Reader’s patience with this narrative will depend on how they connect to Leo Fife. Leo is not a particularly likeable person. He is selfish and mendacious, recounting as he does a life of lying in order to get what he wants. But he is also fascinating and his story, rambling though it is, is told in a compelling way. So that by the end readers may still not like Leo but they might feel they understand him more. Of course by that time, there has been doubt thrown on the whole narrative, a suggestion that the drugs he is on encourages him to confabulate and that the stories he is telling are actually a recasting of Emma’s own story.
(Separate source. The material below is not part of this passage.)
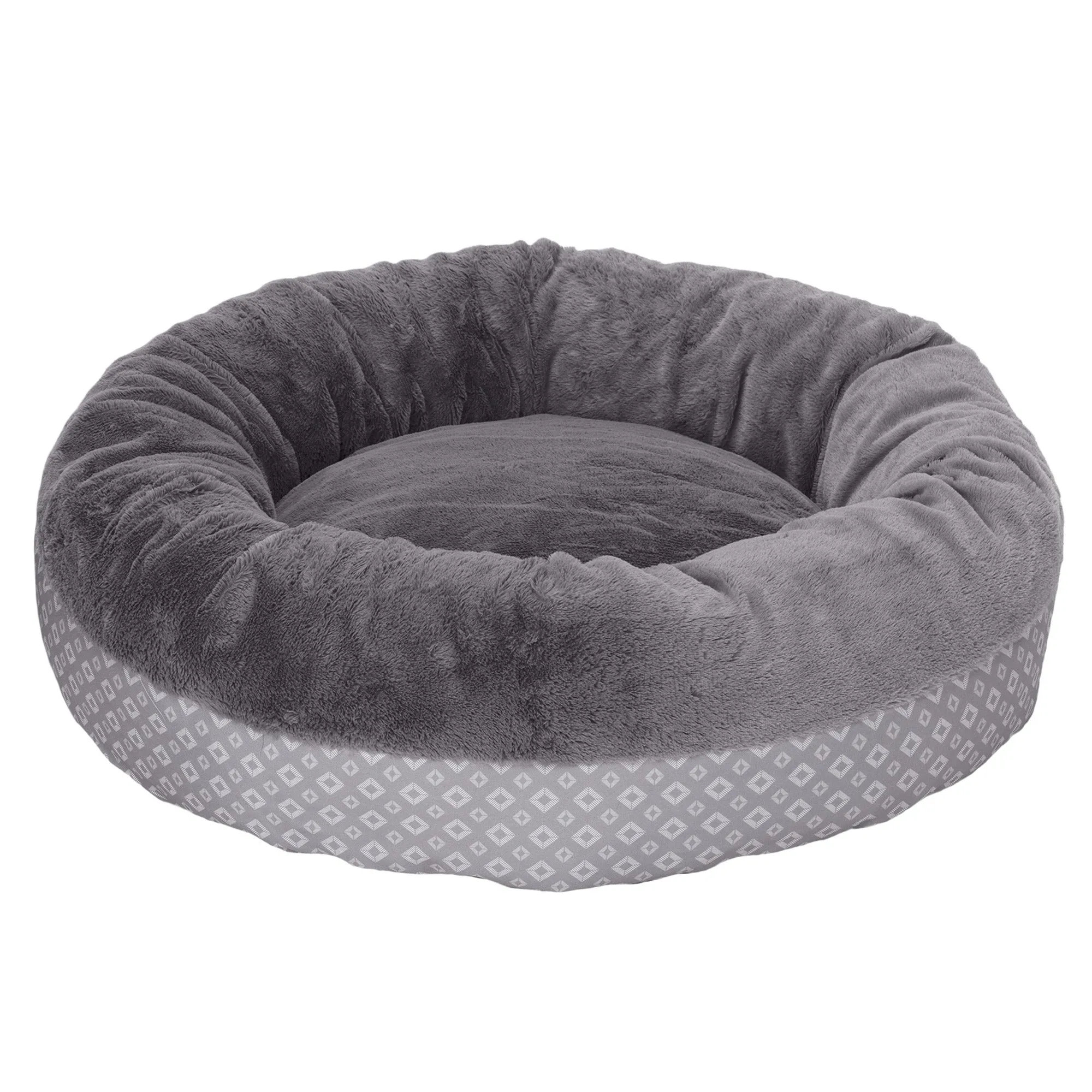 Plush & Diamond Print Calming Donut Dog Bed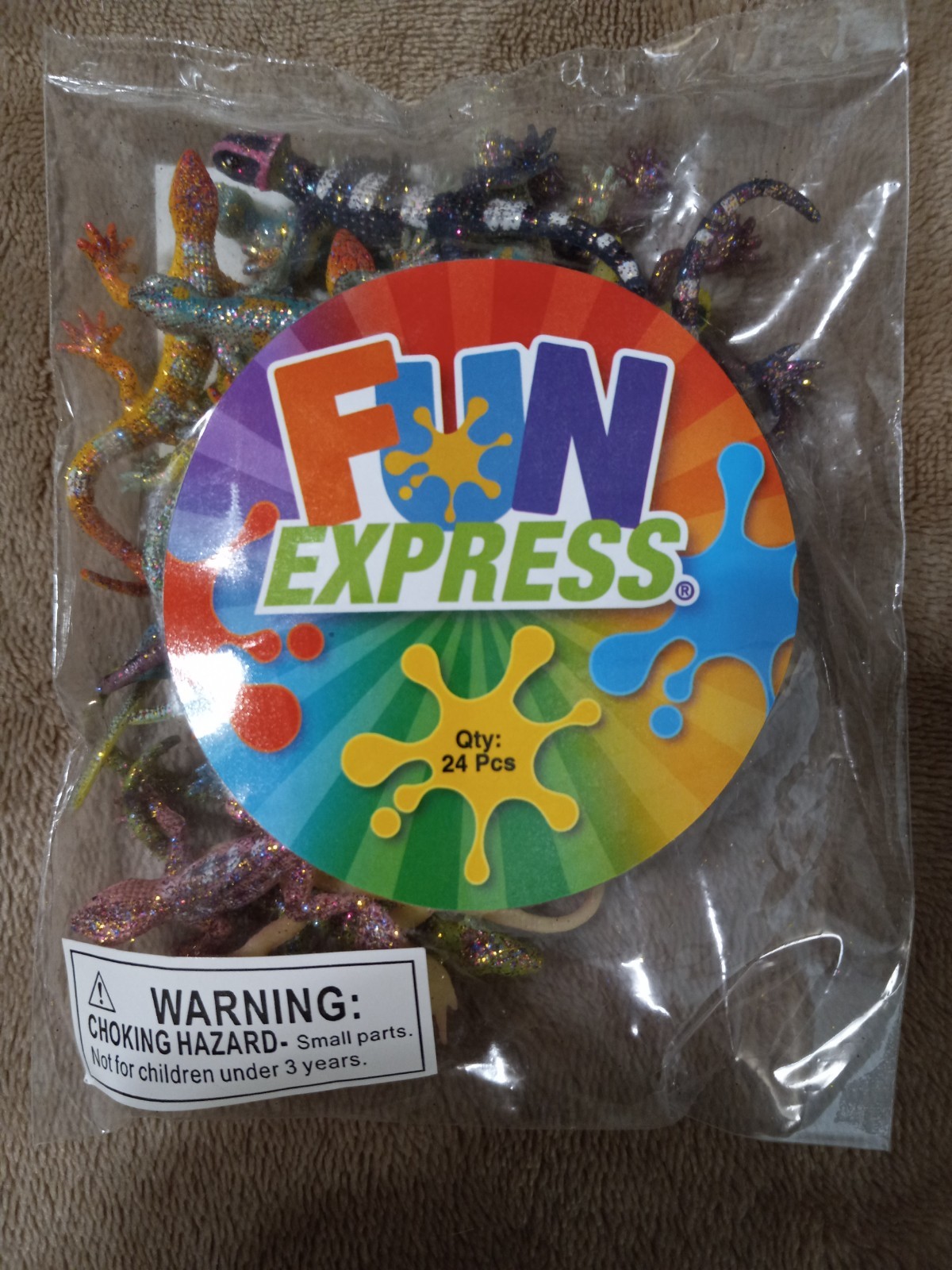 Vinyl Glitter Lizards Assorted Colors (24ct.) – New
Foregone is another masterwork from one of America’s great novelists. Those familiar with Banks’ biography and the stories that he told in Voyager will find plenty of resonance in the life of Leo Fife. This is not strictly Banks’ history but he has clearly used the detail of his life to give Leo’s tale the deep richness that it has. And that is what impresses here, the way in which Leo’s story comes together, the depth of the characters that he encounters, the underlying commentary on the American experience and the pathos that Banks manages to generate.